A timely discussion between biomarker CRO and the end-user in the drug development process will facilitate the development of suitable biomarker assays. Hence, the current article focuses on the prime considerations for biomarker testing services and biomarker assay validation. Moreover, additional details are provided for a robust biomarker assay development and validation.
Types of test biomarker assays
Although PK analysis has well-defined regulatory guidance, biomarker development, and validation lack clarity. Biomarker assay are not similar to PK assays. PK assays have a well-developed and characterized calibrator material as a standard. However, most biomarker assays often don’t have a calibrated standard to compare the study results. Generally, biomarker assay services employ a synthesized or recombinant standard. Biomarker assays can either be qualitative or quantitative. Besides, the quantitative assay can further be classified as relative, definitive, and quasi-quantitative assays. Biomarker assay services must consider the following assay pillars for biomarker validation and development.

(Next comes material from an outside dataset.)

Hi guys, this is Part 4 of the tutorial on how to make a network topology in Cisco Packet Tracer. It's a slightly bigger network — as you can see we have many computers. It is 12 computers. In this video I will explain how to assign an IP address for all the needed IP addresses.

- The phase of drug development required for analysis
- Anticipated or observed concentration changes in PD data
- Decision-making based on the generated data
- And possible assay fit with regulatory expectations.

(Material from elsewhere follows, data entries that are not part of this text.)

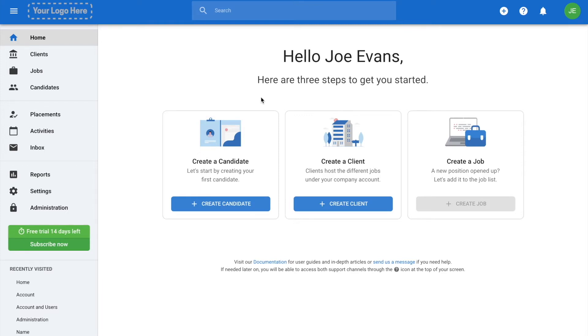Let's start with the logo. Your company logo will be visible on the top left corner of your interface, over here.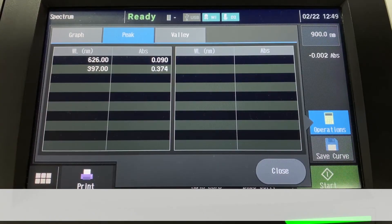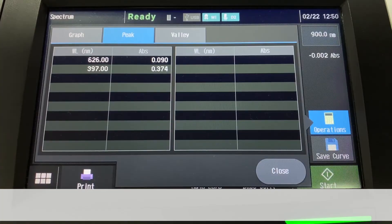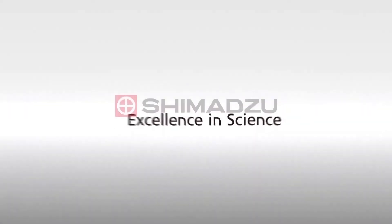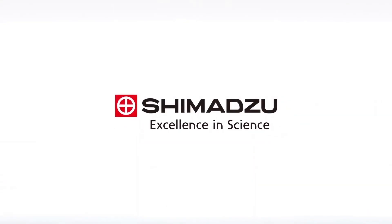That is how spectrum measurement can be done on the UV-1900i stand-alone operation. Excellent in Science. Shimadzu.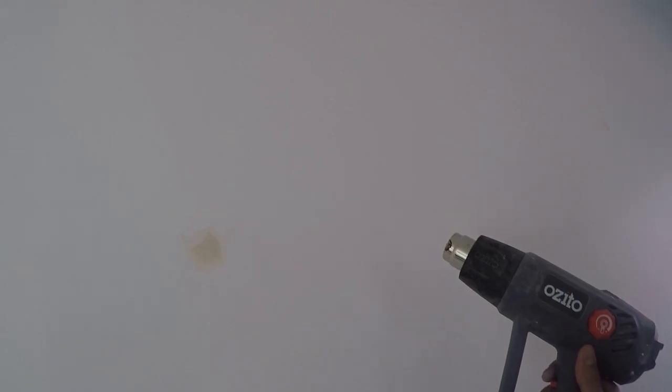As you can see there, there's a little bit of patchwork that's been done. Instead of waiting about 12 hours for that to dry up, I'll be using a heat gun.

Regulatory compliance for biomarker assays
Before 2013, bioanalytical method validation solely focused on pharmacokinetic assays. After FDA’s bioanalytical method validation in 2018, the biomarker testing industry was guided to use PK approaches for biomarker assay validation. However, the drug development industry may have overlooked a prime aspect of the bioanalytical method validation guidance. It states that the industry guidance belongs to the quantitative determination of analytes in study matrices. But it is understood that only a handful of biomarker assays fall under the quantitative determination category. Although, sponsors should also consider the fact that FDA supports a fit-for-purpose approach for biomarker method validation.

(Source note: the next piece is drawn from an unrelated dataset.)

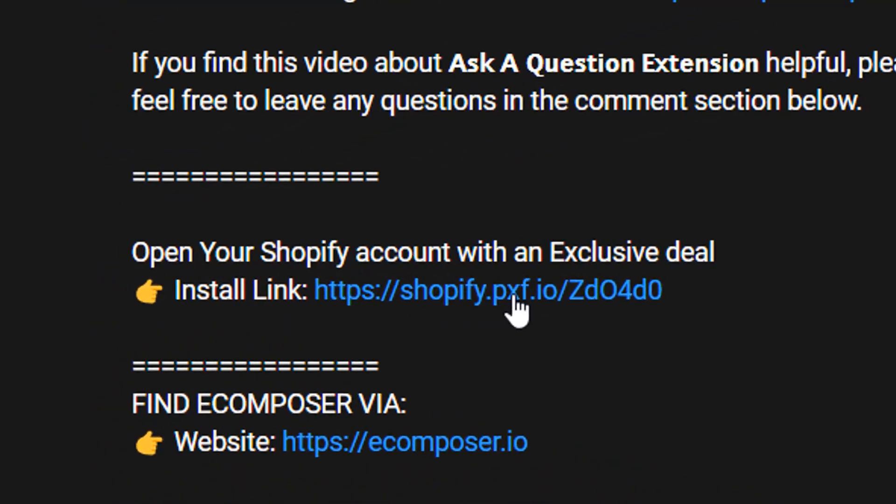Before we start, if you don't have a Shopify account, you can create your own Shopify account through the install link in the description below with an exclusive deal.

Moreover, FDA supports the context of use. The FDA suggests that studies supporting regulatory decisions will require a full validation, whereas exploratory studies may not require such stringent validation protocols. Hence, sponsors must first understand their study objective and proceed with biomarker assay validation.
The context of use
The context of use in biomarker testing may change over time. Hence, sponsors must define method development and validation early in the process. Besides, method validation confirms prior results in a controlled setting. The context of use in biomarker assays depends on the purpose of the study and thereby will dictate several factors in biomarker development and validation. Ultimately, the context of use is the core element of biomarker assays. Without a complete understanding of assay objectives, sponsors can run into issues related to suboptimal development and validation issues. Such suboptimal results will often generate inaccurate data and may lead to poor decisions in drug discovery and development projects.